The tree-lined hills and valleys beckoned the young Army private as his '35 black Chevy hugged the narrow road, a hairpin curve almost upon him. Basic US Army training was behind and the war just ahead, his 3-day leave wedged in between for saying good-byes.
But before the fading autumn sun could dim the burnished foliage, this 18-year old would be called to serve in a way he couldn't have imagined.
"There was a valley, we called it a gully, kind of in a rough area with a sharp curve. When I went around that curve, I looked and I saw something on the side of the road," Harold Buchanan said in his warm southern voice, clearly remembering the drive. "I didn't know what it was so I went on down a bit to where I could pull out of the road."

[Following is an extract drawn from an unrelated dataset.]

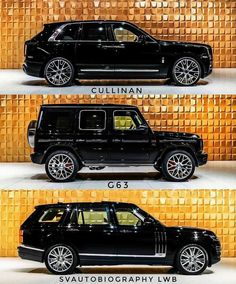 four different views of a black suv in front of a gold wall with the words gullinn and g65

Back in 1943, Highway 5 between Ava and Mansfield, Mo., was a narrow country-type lane, of sorts. Harold described it as black-top, not gravel like so many others in those parts. But even though it was a bit better for travel, you'd still have to pull way over on a curve to let an oncoming car drive by, grass growing along the shoulder of a drop-off into the ravine below.
With his 2-door sedan safely parked on the edge, what the hawk-eyed soldier saw changed the course of that day.
"It was a tiny, little baby laying right there on the side of the road. I didn't see anything else right at that moment but that little baby, so I picked it up. My mother was waiting in the car and I came over and handed the baby to her," 93-year-old Harold said, reflecting on being there at just the right time. "There were no cars that came while I was doing that, but easy they could have run over that baby."
With the little girl now safe in his mother's arms, Pfc. Buchanan took a quick looksee over the valley and the boulders piled at the top of the road. Immediately, he spied a red convertible at the bottom and sprang into action, climbing over rocks and thick brush. There, he found a young woman pinned under the car, her husband thrown nearby with neck and shoulder injuries.
"I only weighed 121-pounds then," said Harold thinking back to the heavy convertible teetering on some rocks, "So I have no idea, other than the help of the good Lord, how I bent down and raised up that car and pulled the lady out! Her leg was bleeding, so I ripped off the sleeve of my shirt and I tied it around her leg in an attempt to stop the blood from flowing."
At a time long before cellphones, the military man knew it was up to him to see that this family had medical care before much more time passed. While the sturdy woman steadied herself against him, step by step they neared the top.
"When I got to the steep rocks there, it was quite a drop at that point, I said, 'Now look, let me try to carry you over this, if I can," Harold said, thinking back to his surprising strength at that moment.